What to work on:
Only the pictures are dropped; the lines of the material that follow are returned exactly.

The data:
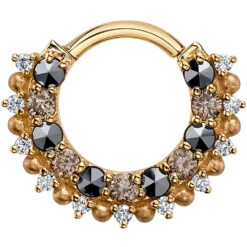 "Horizon" Hinge Ring In Gold With Marcasite, Champagne Diamond & White Diamond With Sandblasted Bead Accents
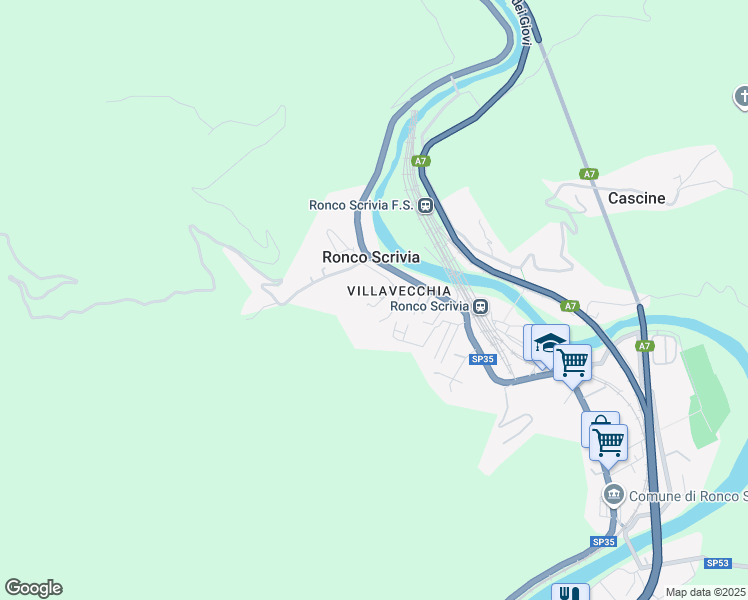 map of restaurants, bars, coffee shops, grocery stores, and more near 24 Via Padre Francesco Borghero in Ronco Scrivia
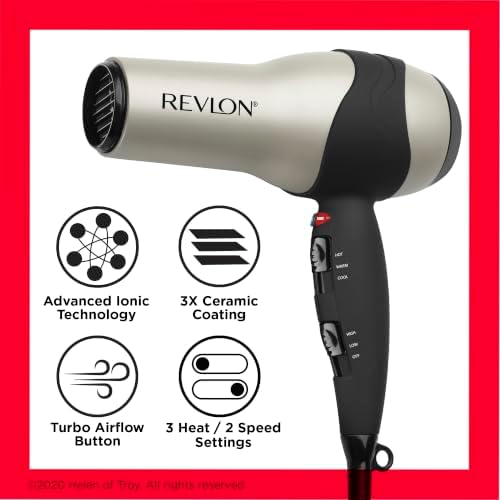 REVLON Turbo Hair Dryer | 1875 Watts of Maximum Shine, Fast Dry (Silver) - Image 4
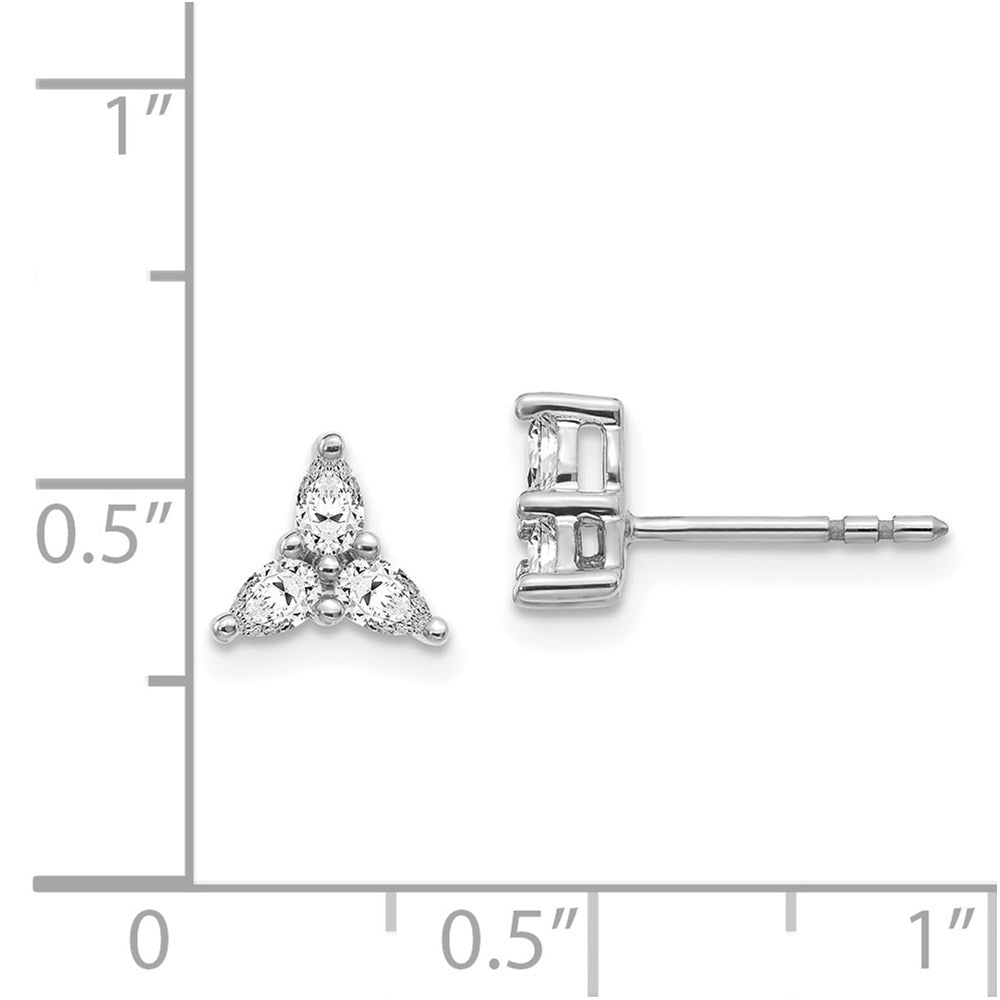 Solid 14k White Gold 3-stone Simulated CZ Triangle Earrings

Solution to the problem:
 "Horizon" Hinge Ring In Gold With Marcasite, Champagne Diamond & White Diamond With Sandblasted Bead Accents
 map of restaurants, bars, coffee shops, grocery stores, and more near 24 Via Padre Francesco Borghero in Ronco Scrivia
 REVLON Turbo Hair Dryer | 1875 Watts of Maximum Shine, Fast Dry (Silver) - Image 4
 Solid 14k White Gold 3-stone Simulated CZ Triangle Earrings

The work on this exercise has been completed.